Implementing and Customizing Typo Tolerance in Typesense for Improved Search Results

118 views

Typesense provides built-in support for typo tolerance, making it easier for users to find relevant results even if they make spelling mistakes or typos in their search queries. This feature helps improve the search experience by returning more accurate results despite minor inaccuracies in the search terms.

Implementing Typo Tolerance in Typesense

Below is a step-by-step guide on how to leverage typo tolerance in Typesense.

1. Configure Typo Tolerance

Typo tolerance in Typesense is enabled by default, and its behavior can be customized using various settings in your search query. These settings include num_typos, which specifies the number of typos allowed, and typo_tokens_threshold, among others.

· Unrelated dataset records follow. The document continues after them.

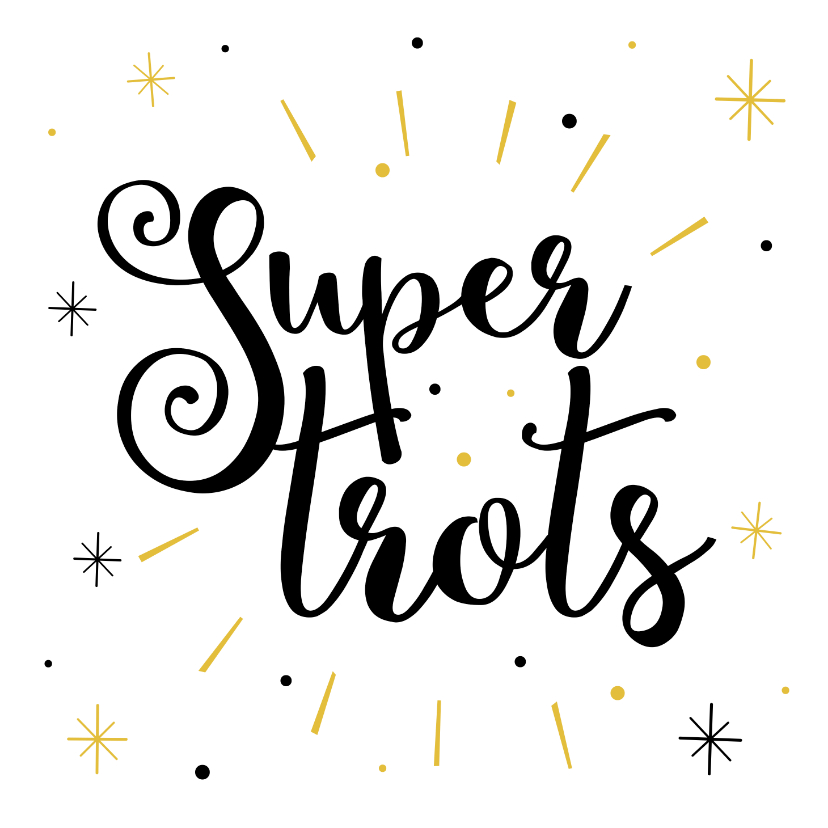 Moderne felicitatiekaart super trots - Felicitatiekaarten Felicitatiekaarten - Moderne felicitatiekaart super trots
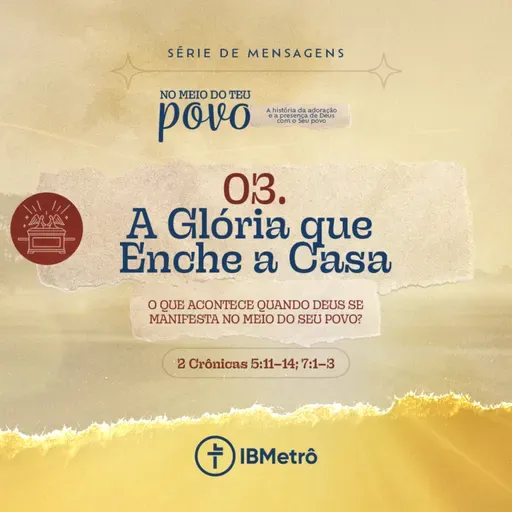 A Glória que Enche a Casa | Renato Marinoni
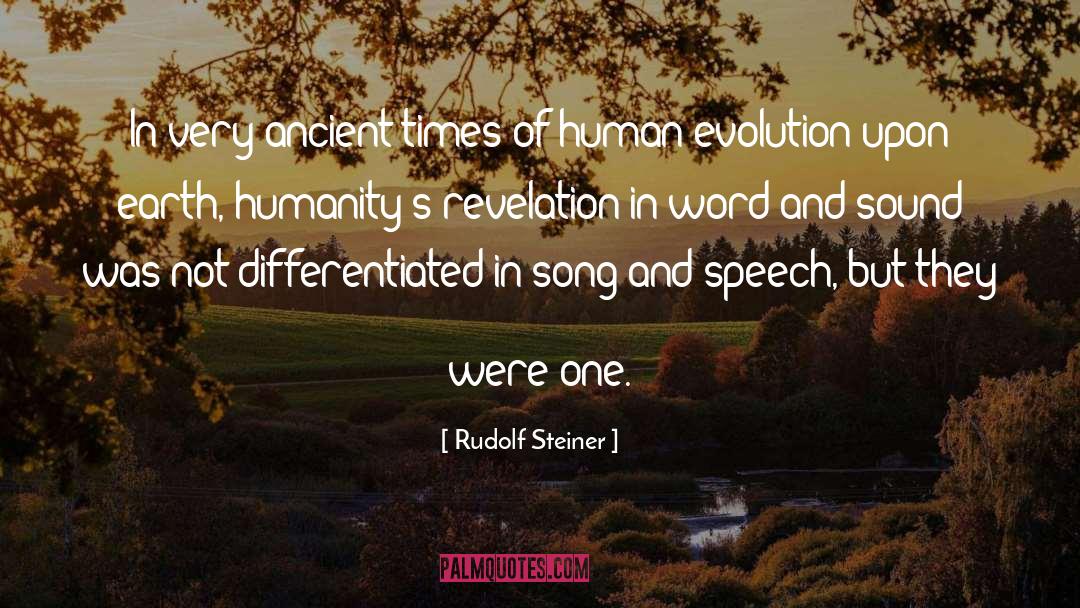 Ancient Times quotes by Rudolf Steiner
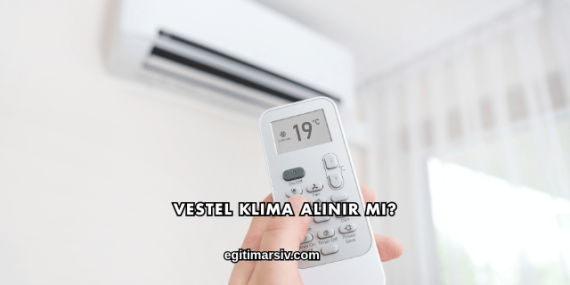 Vestel Klima Alınır mı?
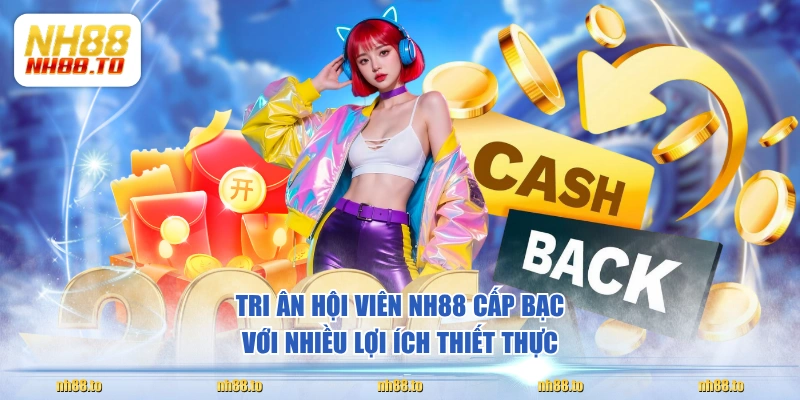 Tri ân hội viên NH88 cấp Bạc với nhiều lợi ích thiết thực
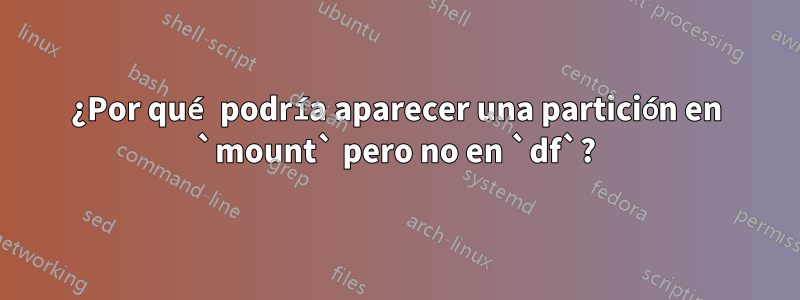 ¿Por qué podría aparecer una partición en `mount` pero no en `df`?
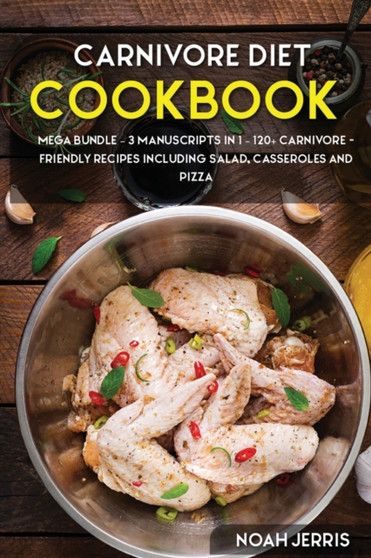 CARNIVORE DIET : MEGA BUNDLE - 3 Manuscripts in 1 - 120+ Carnivore - friendly recipes including Salad, Casseroles and pizza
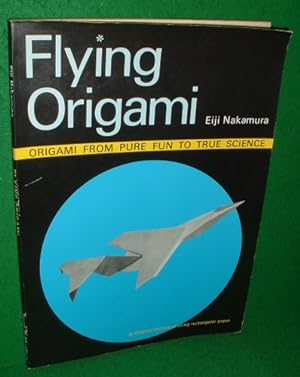 FLYING ORIGAMI From Pure Fun to True Science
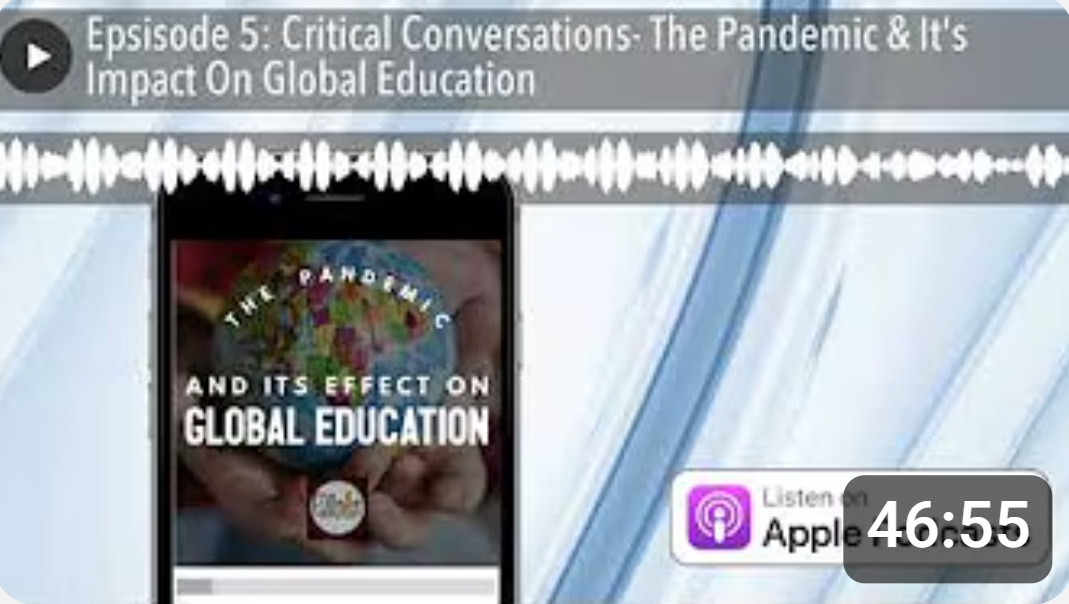 Critical Conversations: The Pandemic and Its Impact on Global Education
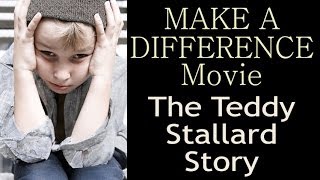 Teddy Stallard Story MakeADifferenceMoviecom [upl. by Riti]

2. Create and Configure Collections

First, you need to create a collection with an appropriate schema. Here’s an example schema for a books collection:

const booksSchema = {
  name: 'books',
  fields: [
    { name: 'title', type: 'string' },
    { name: 'author', type: 'string' },
    { name: 'publication_year', type: 'int32' },
    { name: 'genres', type: 'string[]', facet: true }
  ],
  default_sorting_field: 'publication_year'
};

// Create the collection
client.collections().create(booksSchema).then(data => {
  console.log(data);
}).catch(error => {
  console.error(error);
});

3. Index Documents

Here’s an example of indexing documents into the books collection:

const documents = [
  {
    'id': '1',
    'title': 'The Great Gatsby',
    'author': 'F. Scott Fitzgerald',
    'publication_year': 1925,
    'genres': ['Fiction', 'Classic']
  },
  {
    'id': '2',
    'title': 'To Kill a Mockingbird',
    'author': 'Harper Lee',
    'publication_year': 1960,
    'genres': ['Fiction', 'Drama']
  }
];

client.collections('books').documents().import(documents).then(result => {
  console.log(result);
}).catch(error => {
  console.error(error);
});

4. Perform Typo-Tolerant Search Queries

When performing search queries, you can specify the typo tolerance settings in the query parameters. Here’s an example:

const performSearch = async (query, queryBy) => {
  try {
    const result = await client.collections('books').documents().search({
      q: query,
      query_by: queryBy,
      num_typos: 2,  // Allow up to 2 typos
      typo_tokens_threshold: 3  // Consider tokens with 3 or more characters for typos
    });

    console.log(result);
    return result;
  } catch (error) {
    console.error('Search Error', error);
  }
};

// Example usage
performSearch('Grat Gatsby', 'title');

This example would correctly return results for "The Great Gatsby" despite the typo in the search query.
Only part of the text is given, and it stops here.